A couple years ago we shared a post about law student business cards. Since that time, a rather large event has occurred that may affect the demand for law students to carry business cards: the COVID-19 pandemic. With many people still wary of transmitting and catching the virus from contact with physical surfaces, not to mention the slough of new variants that seem to be discovered every other week, it’s fair to wonder if law students should bother getting business cards. However, it looks like the business card is one of those things that just won’t go away – after all, business cards have been around since the 17th century and survived through many epidemics already.
While many people may still be wary of handshakes and touching public surfaces, an old-fashioned business card is still an important tool for successful professionals, lawyers included. There have been a few waves of “digital business cards” throughout the years that would have been great for today’s world, but none of them were able to stick around for long (remember Bump?). One of the problems with these products is that there will always be security risks involved when connecting two smart devices; but likely the biggest inhibitor to going with fully digital business cards – at least for the time being – isthe fact that some lawyers and judges may not be as comfortable with new tech and smart devices as millennials and Gen Z-ers. Asking them to exchange information via Apple’s AirDrop function, Bluetooth, or a QR code can end up being much more of a hassle than simply handing over a piece of cardstock. Whenyou’re a law student or new lawyer still developing your network of mentors, making the exchange of information as easy as possible for the people you connect with is more important than your own convenience.
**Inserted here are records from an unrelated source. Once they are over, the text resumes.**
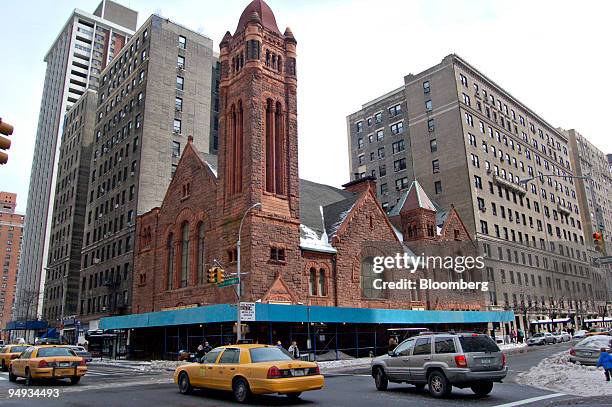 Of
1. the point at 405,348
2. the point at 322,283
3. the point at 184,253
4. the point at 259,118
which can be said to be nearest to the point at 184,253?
the point at 184,253

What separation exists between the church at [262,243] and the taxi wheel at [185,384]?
612 inches

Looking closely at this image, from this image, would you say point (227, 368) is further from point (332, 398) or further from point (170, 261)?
point (170, 261)

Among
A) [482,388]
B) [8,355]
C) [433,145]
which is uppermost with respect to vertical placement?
[433,145]

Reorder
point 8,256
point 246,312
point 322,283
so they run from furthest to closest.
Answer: point 8,256 < point 322,283 < point 246,312

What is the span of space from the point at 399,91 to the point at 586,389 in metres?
70.8

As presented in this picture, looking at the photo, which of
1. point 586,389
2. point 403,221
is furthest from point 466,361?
point 403,221

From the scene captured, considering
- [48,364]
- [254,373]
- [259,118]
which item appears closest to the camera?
[254,373]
As we’ve mentioned before, the purpose of a law student’s business card isn’t to prompt the recipient to contact you. Instead, it should simply remind them of who you are when you reach out, and hopefully they’ll be able to recall your conversation. Business cards can play an even bigger role in this if you were only able to briefly chat with an attorney or judge, and you quickly exchanged cards before going your separate ways. For example, perhaps you had a productive but quick chat with an attorney in the hallway between court observations. Having a business card to offer will help them remember you when you follow up that 2-minute conversation with a phone call or email later.
The business card may seem like a relic of the past, but it will continue to have its uses for law students and lawyers alike. Every fall semester, McGeorge students have access to buy custom business cards through MOO.com. If you need assistance figuring out what information should go on your card, make an appointment with a CDO advisor to help you create something that will leave a memorable impression on whoever receives it. Perhaps we’ll see a time in the future where physical business cards are no more and digital cards are commonplace, but for now we continue to rely on the tried-and-true method.